The amendment to the Public Procurement Act, in part concerning objections, will take effect from 31/03/2022.

Cross-border shipment of waste

Cross-border shipment of mixed municipal waste is subject to a stricter prior written notification and consent system. As part of this process, the competent authorities may raise reasoned objections to the cross-border shipment of waste.

In the judgment n. C 315/20 in the case Regione Veneto v Plan Eco S.r.l of the end of 2021, The Court of Justice of the EU has ruled that the competent authority of the country of departure may object to the transport of mixed municipal waste (item 20 03 01), which has been classified under item 19 12 12 (refined waste) after mechanical treatment for the purposes of its energy recovery, provided that the original characteristics of that waste have not changed substantially.

In the present case, it was common ground that the mechanical treatment of the waste in question did not substantially alter the original characteristics of the waste. The Court of Justice has thus agreed that, from the point of view of applying the legislation on cross-border shipment of waste, the actual nature of the waste is essential and not its formal classification within the waste catalogue.

Effective fight against bankruptcy – preventive restructuring

In the process of parliamentary approval, there is currently a draft law on resolving the impending bankruptcy, which is to introduce, among other things, the possibility of so-called preventive restructuring.  

The preventive restructuring would be voluntary and would be an effective way to avoid failure of the debtor – legal person and its resolution by one of the more demanding insolvency proceedings. 

The preventive restructuring may have public or private forms, both approved by the court.
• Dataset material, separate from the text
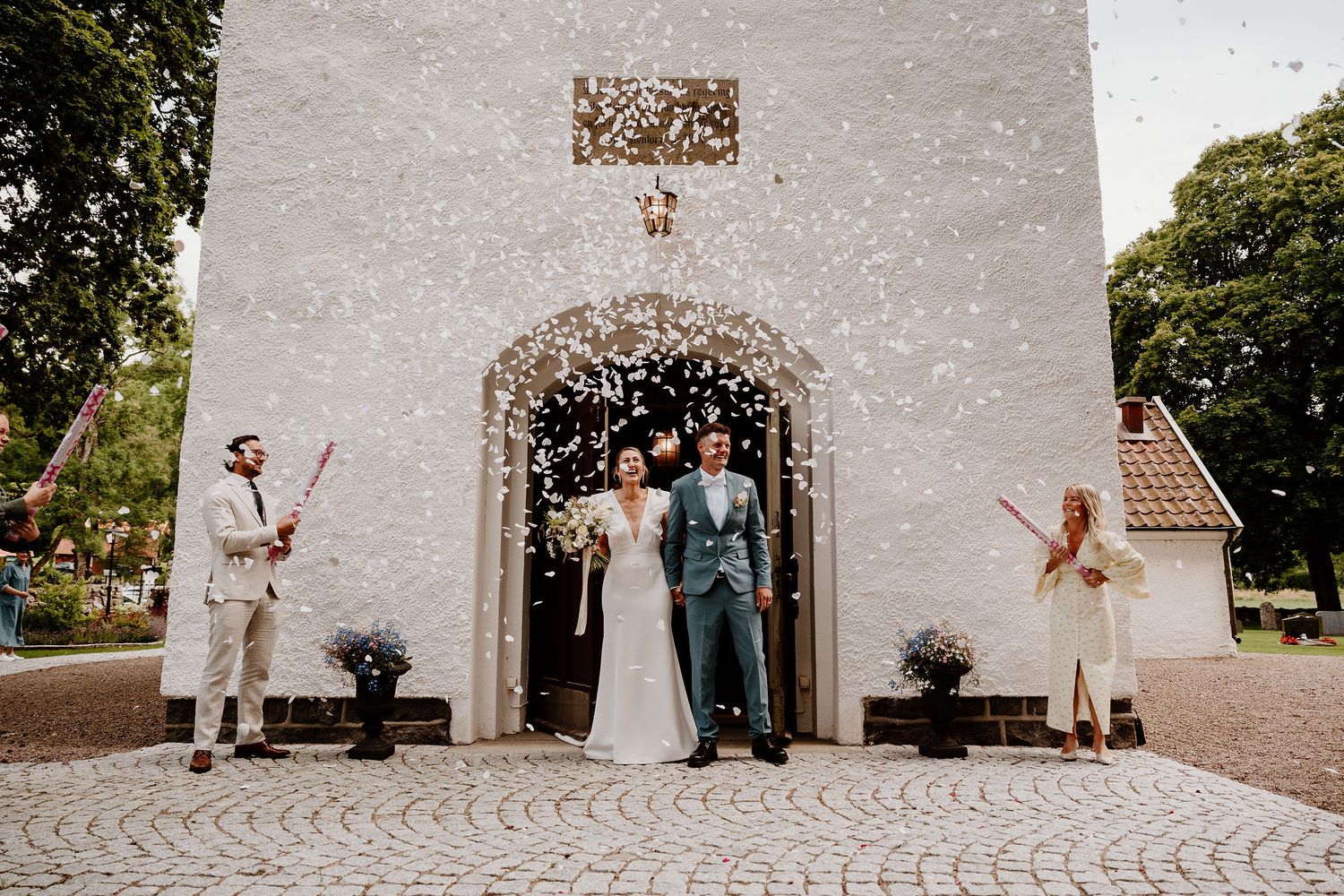 A panoramic sequence showing newlyweds dancing and celebrating on cobblestone in front of a rustic white church wall.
When the court decides to grant public preventive protection, it provides the debtor with the so-called temporary protection, during which bankruptcy may not be declared against the debtor, a restructuring may not be authorized, and, in principle, no proceedings may be initiated against him.
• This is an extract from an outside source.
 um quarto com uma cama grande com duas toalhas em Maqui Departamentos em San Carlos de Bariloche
In the case of a non-public preventive restructuring, it will essentially be an agreement of a debtor at risk of bankruptcy with his creditors, who are subject to the supervision of the National Bank of Slovakia, e.g., banks.

The preventive restructuring will thus enable the entrepreneur to continue his activities and help avoid bankruptcy or insolvency.

The law is currently in the second parliamentary reading. Its effectiveness is proposed from 01/05/2022 and 17/07/2022 in some of its sections.

Enhanced protection for men - fathers

The new Labour Code is intended to provide men with the same level of protection as women currently enjoy regarding childcare.

At present, the employer at the end of the employment relationship in the probation period is limited only concerning women – pregnant mothers up to the end of the ninth month after delivery and breastfeeding women. An employment relationship may be terminated during the probation period only in exceptional cases unrelated to pregnancy or motherhood and must be duly justified; otherwise, it is void.

The new legislation is intended to protect against termination of employment during the probationary period for men to ensure that they have the same right (as women) to care for a child. The employer will be able to terminate the employment relationship in the probation period with the employee-man on paternity leave only under the same conditions as they currently apply to women.

The proposed effective date of the amendment is 01/08/2022.